Is it true that the stabilizer of $1\in \left\{1,\dots ,n \right\}$ in $S_n$ is a maximal subgroup? Intuitively I'm thinking that as soon as you add another permutation, you'll somehow be able to construct transpositions, but I don't know what to make of this..

Answer 1

The orbit-stabilizer theorem should work.

Let $G = S_n$, and let $H = \operatorname{Stab}_G(1)$ be the subgroup of permutations fixing $1$, so that $H \cong S_{n - 1}$. Let $\sigma \in G$ be any permutation that doesn't fix $1$.

We consider the group $H' = \langle H, \sigma \rangle \leq G$.

Certainly $H'$ acts on $[n] = \{1, 2, \ldots, n \}$, and under this action, $\operatorname{Orb}_{H'}(1) = [n]$. This is because the permutation $\sigma$ sends $1$ to $\sigma(1) \in \{2,3, \ldots, n\}$, while $H$ acts transitively on this set, so we can send $1$ anywhere (for example: If $\sigma(1) = 3$, then the composition $(3\ 5) \circ \sigma \in H'$ sends $1$ to $5$, so $5$ is in the orbit, and so on).

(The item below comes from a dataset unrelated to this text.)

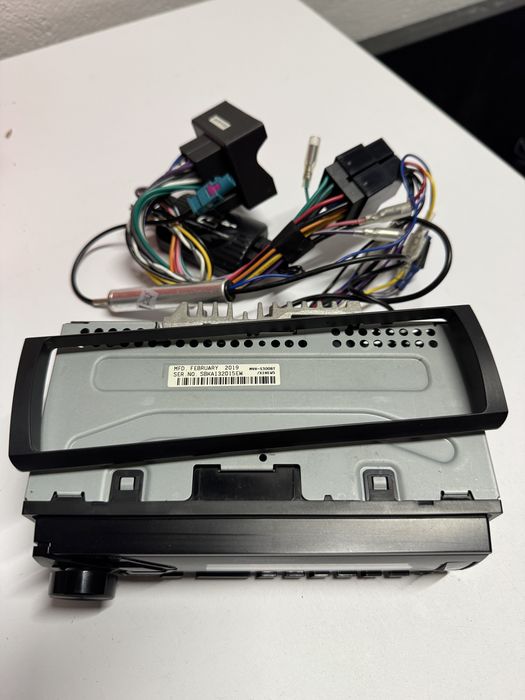 Pioneer MVH-300BT + Адаптер за волан за VW Touran, Golf, Passat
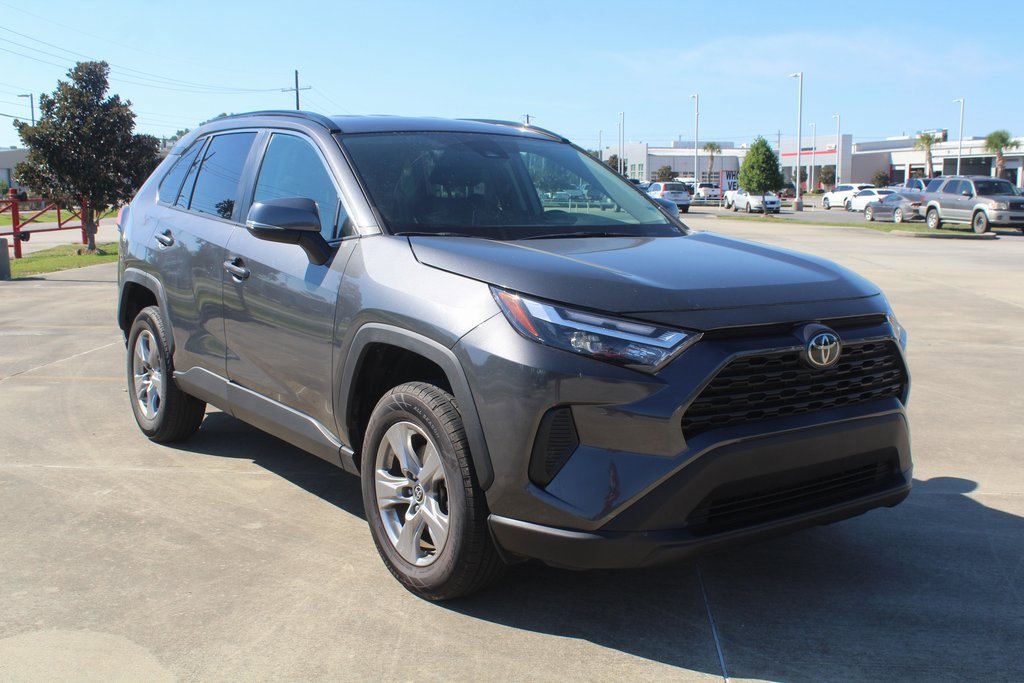 2024 Toyota RAV4 XLE photo 4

The stabilizer $\operatorname{Stab}_{H'}(1) = H$, since by definition, every permutation in $G$ fixing $1$ is in $H$; we don't get any new $1$-fixing permutations from $H' = \langle H, \sigma \rangle$.

Thus, $|H'| = n \cdot (n - 1)! = n!$, and so $H'$ must be the full symmetric group on $n$ letters.